The penalty, announced March 4, was imposed for violations concerning athletic recruiting, academic eligibility, extra benefits, ethical conduct and institutional control. The infractions committee said the incident was Gardner-Webb's first major infraction.
The NCAA began investigating Gardner-Webb after reports that Carlos Webb, a star basketball player, had his grades changed in 2000 to make him eligible to play. Thomas Yeager, chair of the infractions committee and commissioner of the Colonial Athletic Association, said the NCAA first learned of possible infractions at Gardner-Webb from a confidential source in April 2002.
Chris White, then president of Gardner-Webb, resigned in October 2002 over his part in the controversy. White had ordered the registrar to recalculate the player's grades, saying the player had received bad advice that led him to believe he was eligible to play.

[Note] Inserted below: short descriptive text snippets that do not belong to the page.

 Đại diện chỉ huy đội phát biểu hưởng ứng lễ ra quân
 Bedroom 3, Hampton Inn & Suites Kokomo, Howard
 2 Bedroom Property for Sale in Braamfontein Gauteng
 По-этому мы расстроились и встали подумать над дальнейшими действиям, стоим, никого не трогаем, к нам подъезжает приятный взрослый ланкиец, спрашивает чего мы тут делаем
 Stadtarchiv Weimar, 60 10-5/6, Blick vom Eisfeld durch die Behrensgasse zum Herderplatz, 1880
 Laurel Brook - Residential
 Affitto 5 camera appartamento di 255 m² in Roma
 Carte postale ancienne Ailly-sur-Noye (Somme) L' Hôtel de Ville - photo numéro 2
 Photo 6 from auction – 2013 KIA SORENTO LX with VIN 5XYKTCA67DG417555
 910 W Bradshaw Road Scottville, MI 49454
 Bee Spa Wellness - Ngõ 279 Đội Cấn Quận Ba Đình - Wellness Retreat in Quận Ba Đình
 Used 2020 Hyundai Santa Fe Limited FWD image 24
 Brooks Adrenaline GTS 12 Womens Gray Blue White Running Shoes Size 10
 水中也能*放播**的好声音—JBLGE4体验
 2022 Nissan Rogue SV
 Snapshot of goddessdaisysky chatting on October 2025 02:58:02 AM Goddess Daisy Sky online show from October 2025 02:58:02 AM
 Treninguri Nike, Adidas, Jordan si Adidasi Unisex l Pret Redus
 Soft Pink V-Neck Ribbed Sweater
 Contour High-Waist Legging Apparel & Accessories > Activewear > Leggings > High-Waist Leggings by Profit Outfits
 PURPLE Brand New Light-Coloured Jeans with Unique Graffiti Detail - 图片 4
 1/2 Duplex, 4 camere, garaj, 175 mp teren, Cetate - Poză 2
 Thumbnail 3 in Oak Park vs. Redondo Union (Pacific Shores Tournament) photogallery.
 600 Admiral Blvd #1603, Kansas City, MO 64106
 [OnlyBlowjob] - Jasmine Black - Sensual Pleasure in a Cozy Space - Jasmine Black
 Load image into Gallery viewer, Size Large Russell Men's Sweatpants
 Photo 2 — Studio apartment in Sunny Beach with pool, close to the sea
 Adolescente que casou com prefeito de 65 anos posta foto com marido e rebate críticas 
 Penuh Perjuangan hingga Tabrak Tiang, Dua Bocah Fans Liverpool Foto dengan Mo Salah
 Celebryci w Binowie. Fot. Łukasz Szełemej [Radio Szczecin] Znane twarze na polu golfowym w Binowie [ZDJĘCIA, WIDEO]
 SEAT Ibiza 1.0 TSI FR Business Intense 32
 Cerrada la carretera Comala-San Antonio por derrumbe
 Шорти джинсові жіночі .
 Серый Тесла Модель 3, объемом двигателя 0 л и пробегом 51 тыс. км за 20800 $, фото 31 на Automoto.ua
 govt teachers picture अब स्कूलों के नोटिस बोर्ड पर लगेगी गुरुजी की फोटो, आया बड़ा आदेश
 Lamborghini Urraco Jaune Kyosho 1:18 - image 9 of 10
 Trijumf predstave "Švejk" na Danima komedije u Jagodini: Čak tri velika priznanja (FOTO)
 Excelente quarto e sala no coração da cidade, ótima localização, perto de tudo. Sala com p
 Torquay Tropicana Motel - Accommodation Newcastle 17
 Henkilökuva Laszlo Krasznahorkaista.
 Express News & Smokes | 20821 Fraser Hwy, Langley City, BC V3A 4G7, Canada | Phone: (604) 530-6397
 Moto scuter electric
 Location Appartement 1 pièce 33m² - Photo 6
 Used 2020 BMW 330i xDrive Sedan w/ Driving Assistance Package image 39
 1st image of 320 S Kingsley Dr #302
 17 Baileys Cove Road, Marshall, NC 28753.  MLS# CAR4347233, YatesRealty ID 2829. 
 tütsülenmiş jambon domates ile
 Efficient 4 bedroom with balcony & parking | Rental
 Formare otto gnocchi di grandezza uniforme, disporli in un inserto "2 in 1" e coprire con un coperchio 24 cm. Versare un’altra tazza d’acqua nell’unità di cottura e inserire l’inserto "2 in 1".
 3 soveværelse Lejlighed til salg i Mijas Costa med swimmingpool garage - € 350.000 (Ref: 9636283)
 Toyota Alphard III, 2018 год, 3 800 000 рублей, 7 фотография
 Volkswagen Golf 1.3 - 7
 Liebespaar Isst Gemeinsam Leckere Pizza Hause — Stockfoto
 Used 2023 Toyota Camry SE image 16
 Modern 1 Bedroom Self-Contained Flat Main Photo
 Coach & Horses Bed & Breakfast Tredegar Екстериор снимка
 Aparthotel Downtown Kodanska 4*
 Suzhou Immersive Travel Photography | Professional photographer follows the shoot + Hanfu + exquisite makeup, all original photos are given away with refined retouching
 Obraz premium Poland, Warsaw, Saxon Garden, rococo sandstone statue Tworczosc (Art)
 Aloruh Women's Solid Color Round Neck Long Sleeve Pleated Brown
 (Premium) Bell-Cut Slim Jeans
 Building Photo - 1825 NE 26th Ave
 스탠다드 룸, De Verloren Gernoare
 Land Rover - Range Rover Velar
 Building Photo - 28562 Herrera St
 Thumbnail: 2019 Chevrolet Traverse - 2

Yeager said White's order amounted to an “extra benefit” for an athlete. The test in such cases is whether such an arrangement would be generally available to other students. “In this case that couldn't be shown,” Yeager said.
Yeager said White's actions showed a lack of institutional control, but didn't seem to be done with the type of malice seen in some of the committee's investigations. “I think the committee felt it wasn't a flaunting of NCAA rules,” he said.
Gardner-Webb has voluntarily given up the National Christian Collegiate Athletic Association championship it won the year Webb was made eligible to play.
Current Gardner-Webb President Frank Campbell said in a written statement that the NCAA report contained no surprises because school officials had been working for more than a year to address operations procedures that surfaced during an internal audit of the athletics department.
“With the guidance of the NCAA and the Atlantic Sun Conference, we had begun taking proactive measures to correct what we considered to be problem areas,” Campbell said. “We are delighted that the NCAA's report mirrored many of the same conclusions we had drawn ourselves. We have been treated fairly by the NCAA and we look forward to working with them on these compliance issues.”
Neal Alexander Jr., chair of Gardner-Webb's trustees, said the 18 months of controversy have been a difficult and challenging time in the life of the school. Gardner-Webb officials are glad the episode is coming to a close, he said.
The NCAA's Yeager said that while the incident involving the basketball player was the most serious, the committee found several other violations that showed that Gardner-Webb was not prepared to move to move to Division I.
The other infractions included: ineligible athletes in five sports receiving financial aid; failing to correctly certify the eligibility of 33 international student-athletes; purchase of an airline ticket from Poland to Charlotte for a former women's basketball prospect; and exceeding the maximum financial aid in baseball, men's soccer and men's tennis.
In addition to the three-year probation, the men's basketball team is not eligible to participate in postseason competition this year and the men's and women's basketball teams will each lose a scholarship for the next two years.